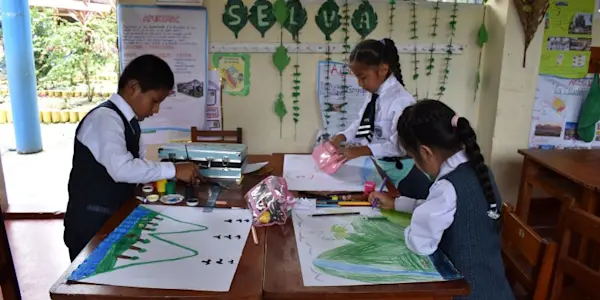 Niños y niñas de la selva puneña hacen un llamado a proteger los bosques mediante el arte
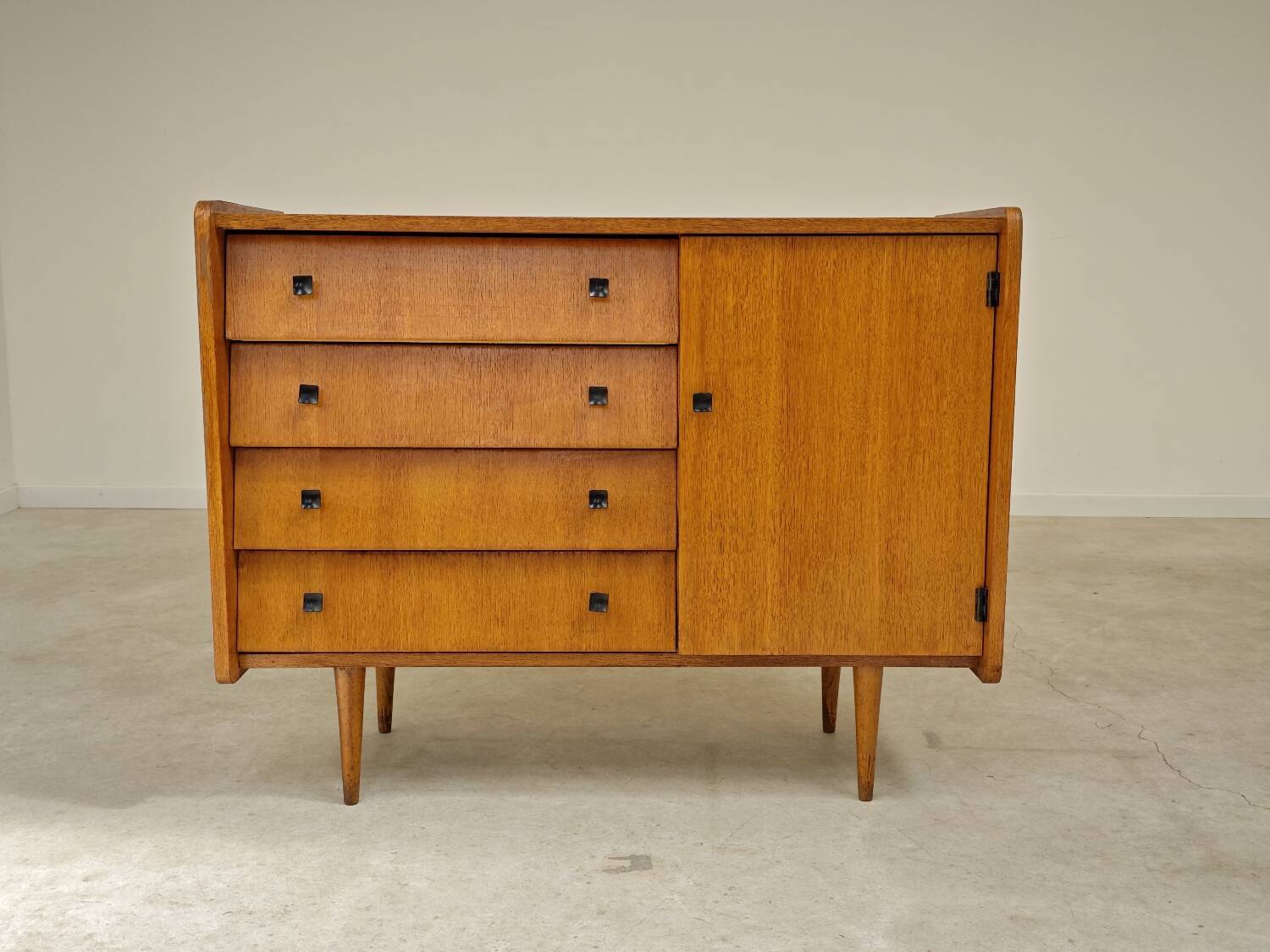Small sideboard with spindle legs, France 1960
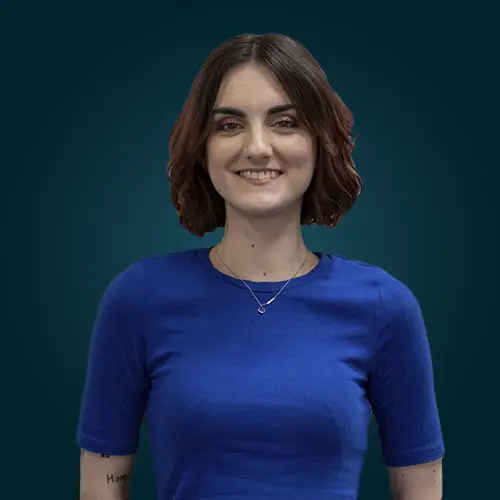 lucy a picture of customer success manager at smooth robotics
☆ ☆ ☆ ☆ ☆ ☆ ☆
» Exercise instructions
Exclude every image and return the material above exactly.

» Result below
 Niños y niñas de la selva puneña hacen un llamado a proteger los bosques mediante el arte
Small sideboard with spindle legs, France 1960
 lucy a picture of customer success manager at smooth robotics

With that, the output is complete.